Oh dear [Aug. 19th, 2009|06:45 pm]
If you've got a website where you're trying to sell me a book, you shouldn't use "right" when you mean "write."
LinkLeave a comment

Tuesday Top Five [Aug. 18th, 2009|08:44 pm]
[Tags|, ]

Inspired by my recent bafflement at the existence of the new Halloween II:

Top Five Remakes and/or Sequels that are Better than the Original Movie

1. The Maltese Falcon (1941).  (Remake). I'm starting off with a bit of a cheat, because I've never actually seen the 1931 version, so I'm really only saying this is better than Satan Met a Lady (1936), where Sam Spade becomes Ted Shane, Bette Davis plays the Caspar Gutman role, and a jeweled ram's horn fills in for the falcon.

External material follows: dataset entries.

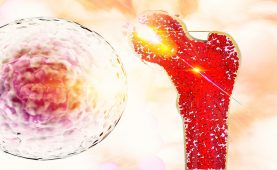 أفضل الكيميائي في أصفهان ، زرع الخلايا الجذعية لعلاج سرطان الدم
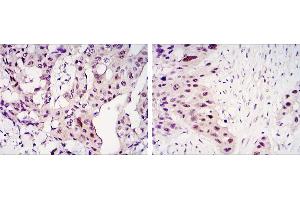 Immunohistochemical analysis of paraffin-embedded mammary cancer tissues (left) and lung cancer tissues (right) using STAT3 mouse mAb with DAB staining. (STAT3 anticorps)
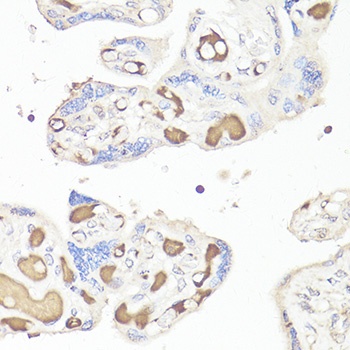 IL6 Antibody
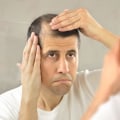 The Impact of Hair Loss on Self-Esteem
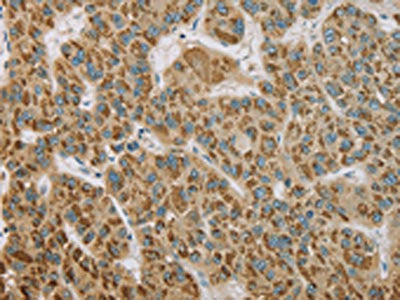 The image on the left is immunohistochemistry of paraffin-embedded Human liver cancer tissue using CSB-PA787197(EHHADH Antibody) at dilution 1/20, on the right is treated with fusion protein. (Original magnification: ×200)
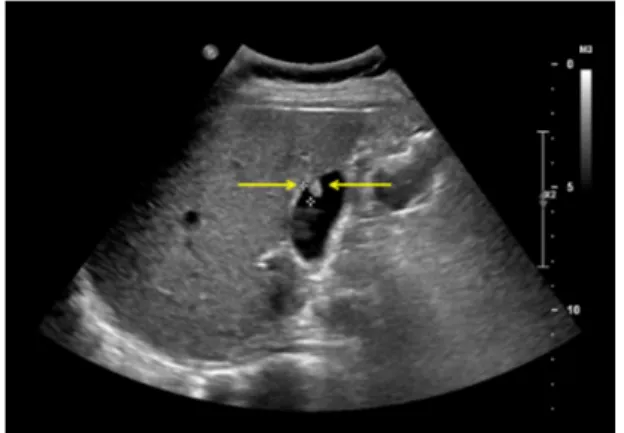 Fig.  1.  Ultrasound  imaging  of  the  gallbladder  polyp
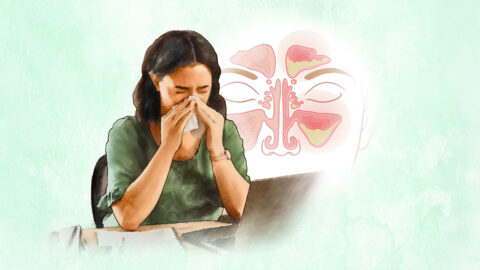 Zánět vedlejších nosních dutin: Příznaky, příčiny, léčba a přírodní přístupy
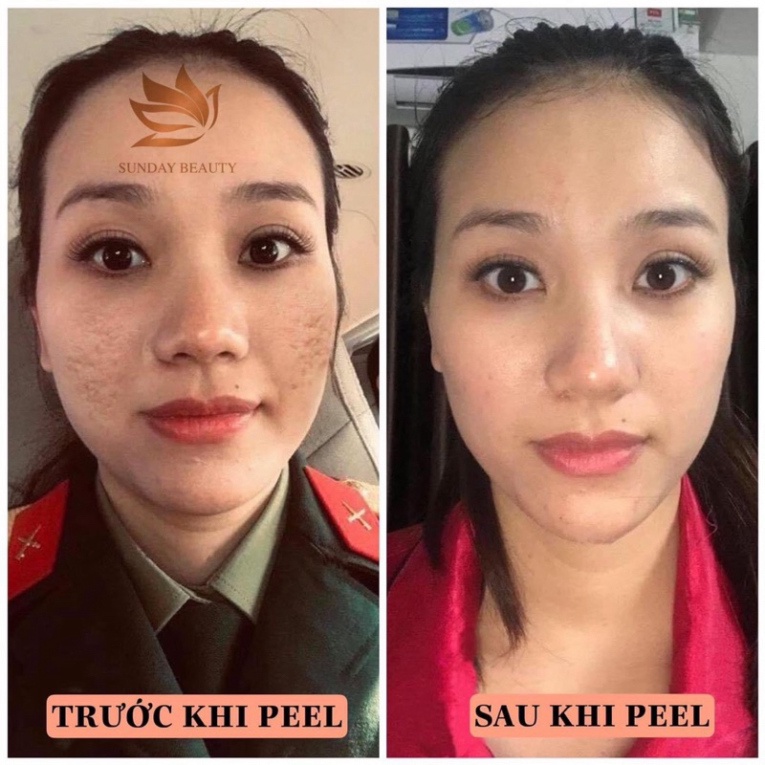 Peel da ROYCE SKIN M+ Peel da sinh học chuẩn minh tinh .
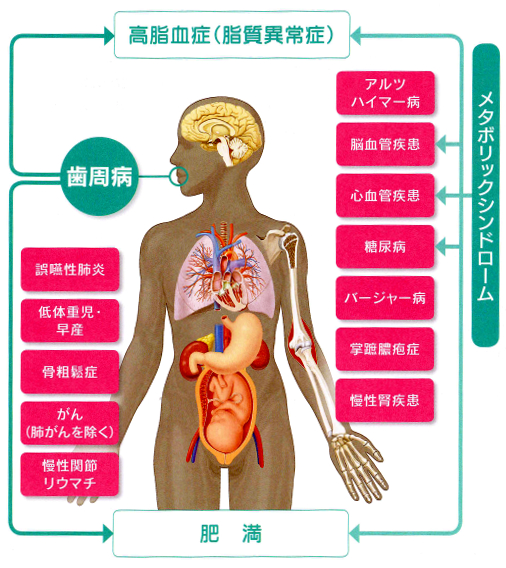 歯周病と全身疾患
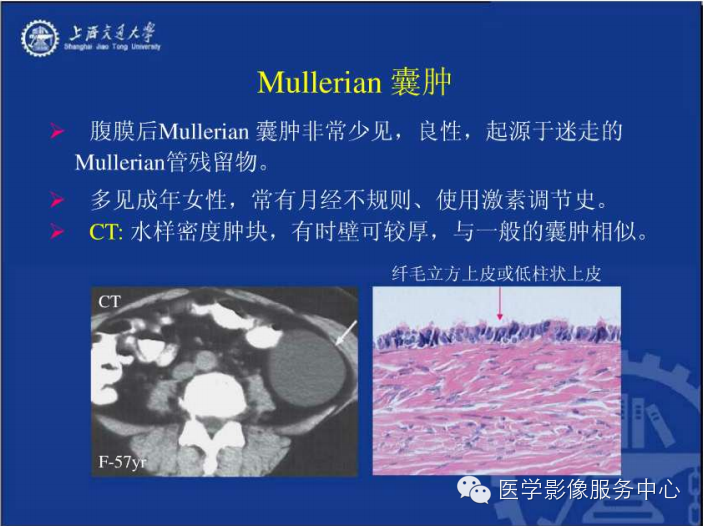 腹膜后间隙病变的影像诊断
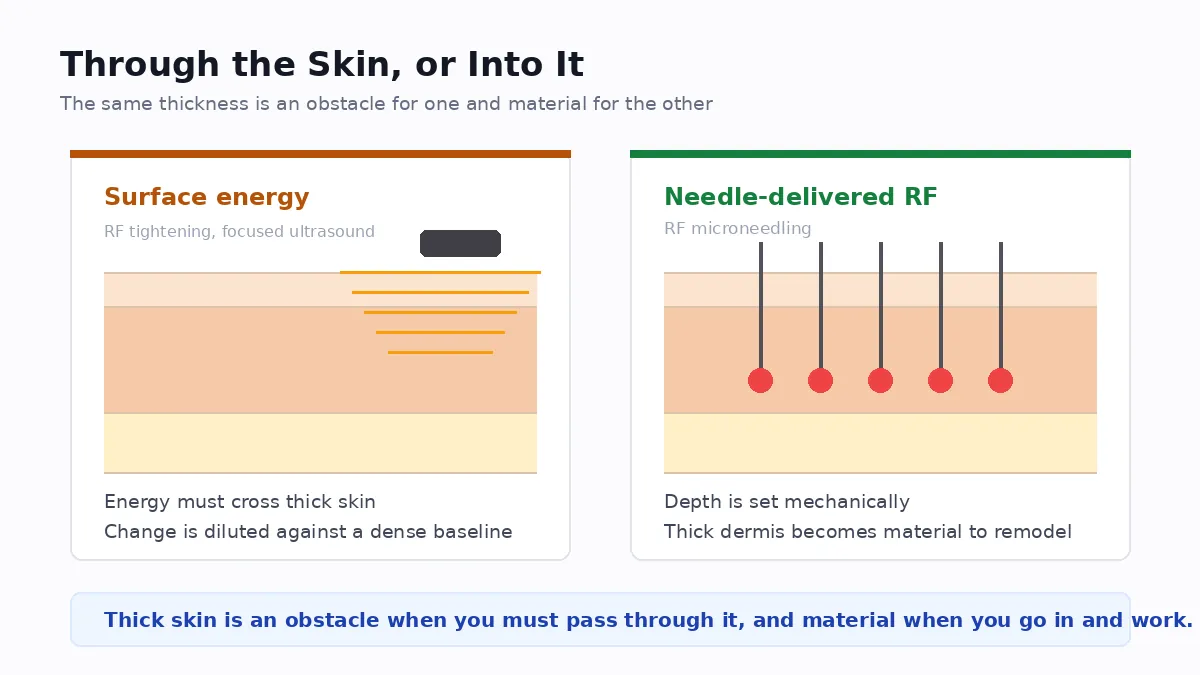 Why needle-delivered RF bypasses the thickness problem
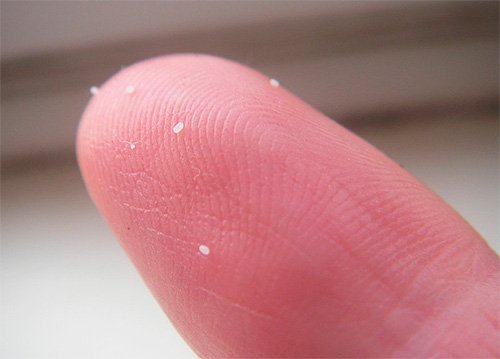 Статеві блохи і як від них позбавитися Статеві блохи і як від них позбавитися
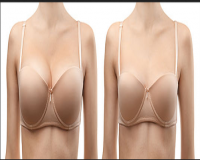 Image for Breast Reduction Surgery Cost in Delhi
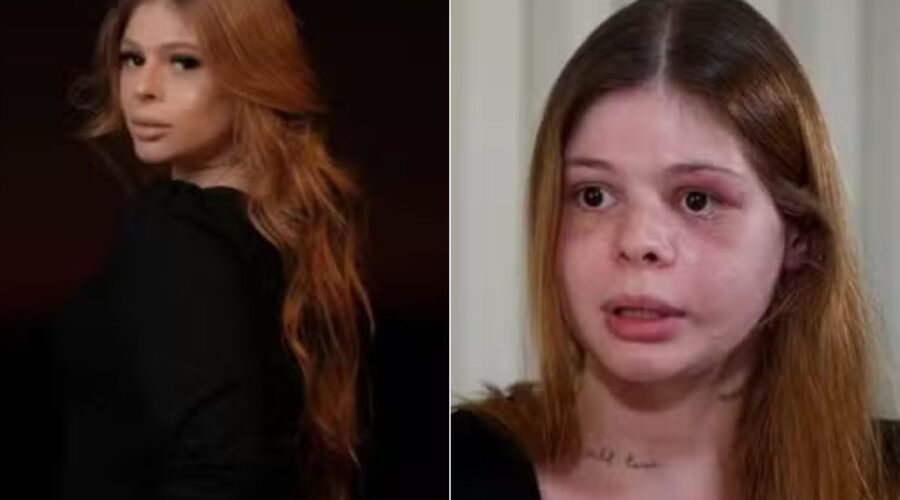 Polícia encontrou médica espancada pelo namorado fisiculturista após ouvir respiração ofegante em apartamento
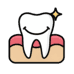 Aesthetic Fillings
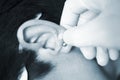 Auriculartherapy ear seed treatment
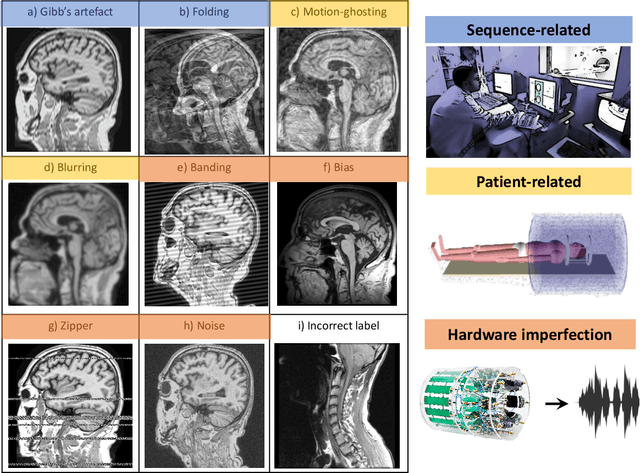 Figure 3 for An efficient semi-supervised quality control system trained using physics-based MRI-artefact generators and adversarial training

2. A Shot in the Dark (1964). (Sequel to The Pink Panther.)  The first movie is a nigh-unwatchable shambles of a '60s farce, with way too many characters. Peter Sellers' (relatively minor) role as Inspector Clouseau is the one redeeming feature, and of course spawned a series of sequels (including three ill-advised installments made after Sellers died). This is the first of those, the first movie where Inspector Clouseau is the main character. He's clumsy and not too bright, but nowhere near as cartoonishly stupid as he would become in the later films.

3. The Italian Job (2003). (Remake). This is the controversial part of the list, for those of you keeping score at home. Yeah, the 1969 original has Michael Caine and a great heist/chase scene and a hilarously literal cliffhanger ending, while the remake has Marky Mark and takes place mostly in Los Angeles, despite the title. On the other hand, the original also has Benny Hill (as apparently the only man in England who knows how to mount a 12" tape on an IBM mainframe) and a bunch of pointless scenes with Noel Coward while the remake has ... a plot.

4. Star Trek II: The Wrath of Khan (1982). (Sequel to Star Trek: The Motion Picture.)  Like a lot of people, I used to parrot the "even-numbered Star Trek movies are good, odd-numbered Star Trek movies are bad" line, but on reflection, this is the only really good Star Trek movie I've seen. To be fair, the last one I saw was Star Trek IV, so don't go by me.

5. Evil Dead II (1987). (Officially a sequel to The Evil Dead, but also kind of a remake.)  So, you've got some more money now and a few years more experience as a filmmaker. Why not revisit an earlier project, tone down the gore a little (yeah, really -- the original was "unrated" and this was an "R"), bump up the humor a couple of notches and see if you can parlay that "cult classic" into mainstream success? Worked for Sam Raimi anyway, who eventually wound up directing Spider-Man and stuff. Rumor has it there's another remake or sequel or something coming out next year, which strikes me as going back to the well one time too many, but we'll see.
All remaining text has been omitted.